Monte Carlo-based Investigation of Absorbed-dose Energy Dependence of Thermoluminescent Dosimeters in Therapeutic Proton and Carbon Ion Beams

Abstract

Background: The present study is aimed at calculating relative absorbed-dose energy response correction (R) of commonly used thermoluminescent dosimeters (TLDs) such as LiF, Li2B4O7, and Al2O3 as a function of depth in water for protons (50–250 MeV/n) and carbon ion (80–480 MeV/n) beams using Monte Carlo-based FLUKA code. Materials and Methods: On-axis depth-dose profiles in water are calculated for protons (50–250 MeV/n) and carbon ion (80–480 MeV/n) beams using FLUKA code. For the calculation of R, selective depths are chosen based on the depth-dose profiles. In the simulations, the TLDs of dimensions 1 mm × 1 mm × 1 mm are positioned at the flat, dose gradient, and Bragg peak regions of the depth-dose profile. Absorbed dose to detector was calculated within the TLD material. In the second step, TLD voxels were replaced by water voxel of similar dimension and absorbed dose to water was scored.
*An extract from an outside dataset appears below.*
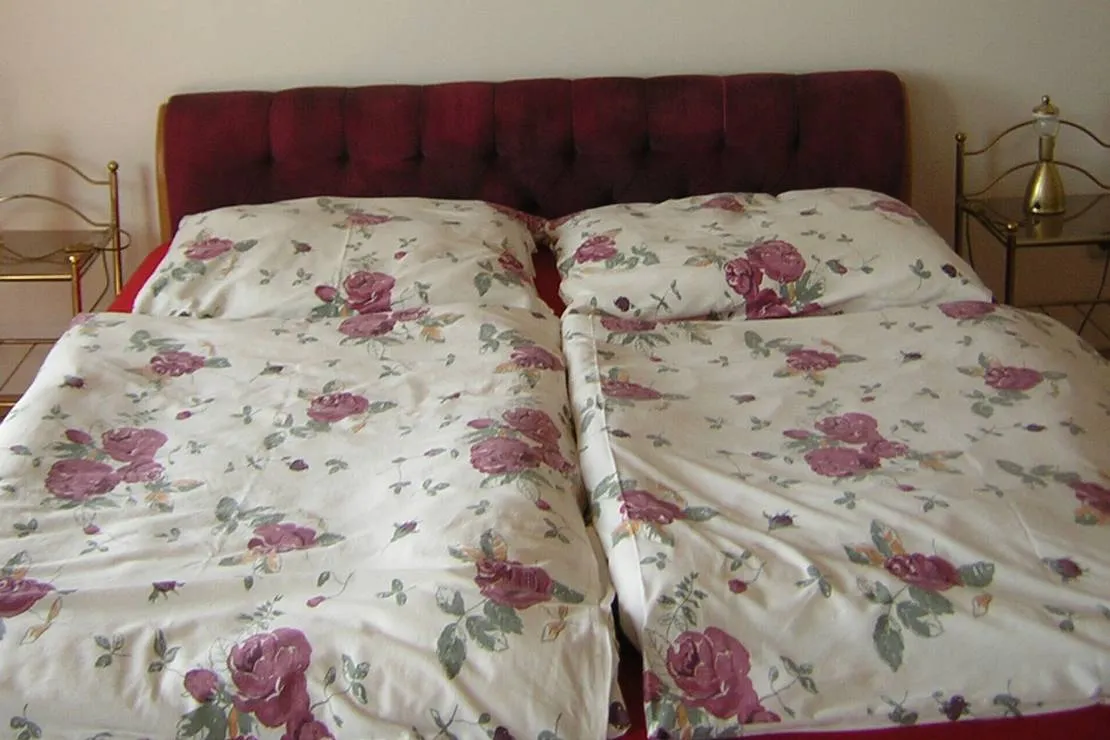 alsana-camping-ferienhaus-szakony-rkjzp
Results: The study reveals that for both proton and carbon ion beams, the value of R differs from unity significantly at the Bragg peak position and is close to unity at the flat region for the investigated TLDs. The calculated R value is sensitive to depth in water, beam energy, type of ion beam, and type of TLD. Discussion: For accurate dosimetry of protons and carbon ion beams using TLDs, the response of the TLD should be corrected to account for its absorbed-dose energy dependence.